FIG. 2 shows a lateral section of a second optimized arrangement including at least two coils in accordance with an exemplary embodiment of the present disclosure. As shown in FIG. 2, a core limb 7 includes a first coil 1 and a second coil 4 are arranged axially one above the other. The first coil 1 has two windings 2, 3 arranged radially one above the other, wherein winding 2 is also designated as inner winding and winding 3 is also designated as outer winding. The second coil 4 has two windings 5, 6 arranged radially one above the other, wherein winding 5 is also designated as inner winding and winding 6 is also designated as outer winding.

Barriers 21, 22, 23, 24, 25 are arranged between the inner winding 2 and the outer winding 3 of the first coil 1 in order to reliably prevent an electrical flashover between the two windings 2, 3. In a similar manner, barriers 27, 28, 29, 30, 31 are arranged between the inner winding 5 and the outer winding 6 of the second coil 4 in order to reliably prevent an electrical flashover between the windings 5, 6.

Here, the barriers 21-25 and 27-31 of the mutually directly opposite areas of the two coils 1, 4 are alternately shortened and lengthened, with the result that a shortened barrier of the one coil lies opposite a lengthened barrier of the other coil and, in each coil, a shortened barrier follows a lengthened barrier. Overlap regions exist between the barriers of adjacent coils 1, 4. In this way, the two coils 1, 4 can be moved closer together in the axial direction without the barriers touching one another. The barrier projection B of a lengthened barrier here corresponds to the barrier projection B in the embodiment of FIG. 4. A shortened barrier 21, 28, 23, 30, 25 lies directly opposite a lengthened barrier 27, 22, 29, 24, 31 without the barriers which lie opposite one another touching. Advantageously, there is a reduced axial spacing A2 in comparison to the axial spacing A1 (see FIG. 4). Correspondingly, the core limb length L2 is reduced.

FIG. 3 shows a lateral section of a third optimized arrangement including at least two coils in accordance with an exemplary embodiment of the present disclosure. As shown in FIG. 3, a core limb 7 includes a second coil 4 are arranged axially one above the other. The first coil 1 has two windings 2, 3 arranged radially one above the other, wherein winding 2 is also designated as inner winding and winding 3 is also designated as outer winding. The second coil 4 has two windings 5, 6 arranged radially one above the other, wherein winding 5 is also designated as inner winding and winding 6 is also designated as outer winding.

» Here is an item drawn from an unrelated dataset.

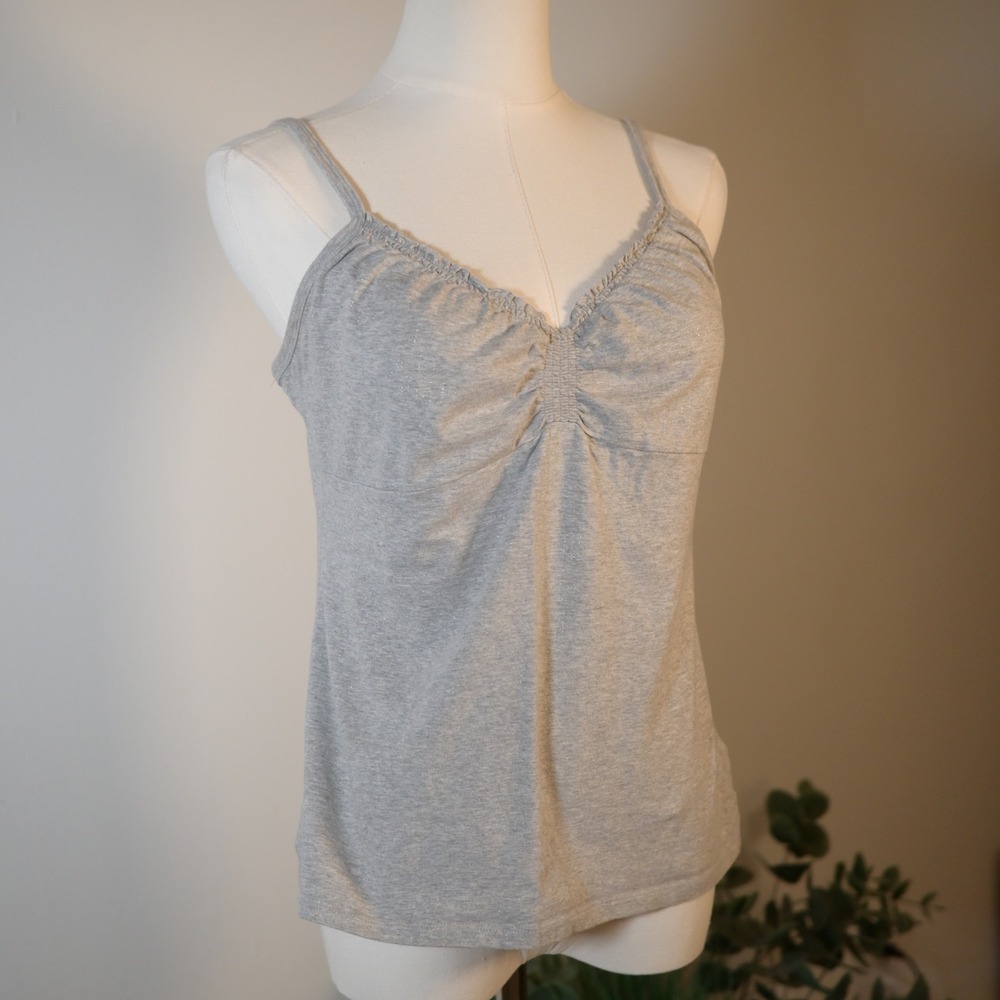New York & Company Comfort Zone Gray Shimmer Cinched Camisole Top Mens Medium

Barriers 33, 36, 37, 40 and insulation rings as barriers 34/35, 38/39 are arranged between the inner winding 2 and the outer winding 3 of the first coil 1 in order to reliably prevent an electrical flashover between the two windings 2, 3. In a similar manner, barriers 42, 45, 46, 49 and insulation rings as barriers 43/44, 47/48 are arranged between the inner winding 5 and the outer winding 6 of the second coil 4 in order to reliably prevent an electrical flashover between the two windings 5, 6. The insulation rings 34/35 additionally engage around the end faces, perpendicular to the winding axis W, of the inner winding 2, the insulation rings 38/39 additionally engage around the end faces, perpendicular to the winding axis W, of the outer winding 3, the insulation rings 43/44 additionally engage around the end face of the inner winding 5, and the insulation rings 47/48 additionally engage around the end face of the outer winding 6. Advantageously, there is a reduced axial spacing A3 in comparison to the axial spacing A1 (see FIG. 4). Correspondingly, the core limb length L3 is reduced.

The following features can be associated with the exemplary embodiments explained above.

The above-described measures are applicable to coils 1, 4 having a circular, oval or rectangular cross section.

The barriers 9-13, 15-19, 21-25, 27-31, 33-40, 42-49 are formed from an electrically insulating plastic.

The barriers 9-13, 15-19, 21-25, 27-31, 33-40, 42-49 of adjacent coils are not intended to touch so that no continuous creepage path is provided here.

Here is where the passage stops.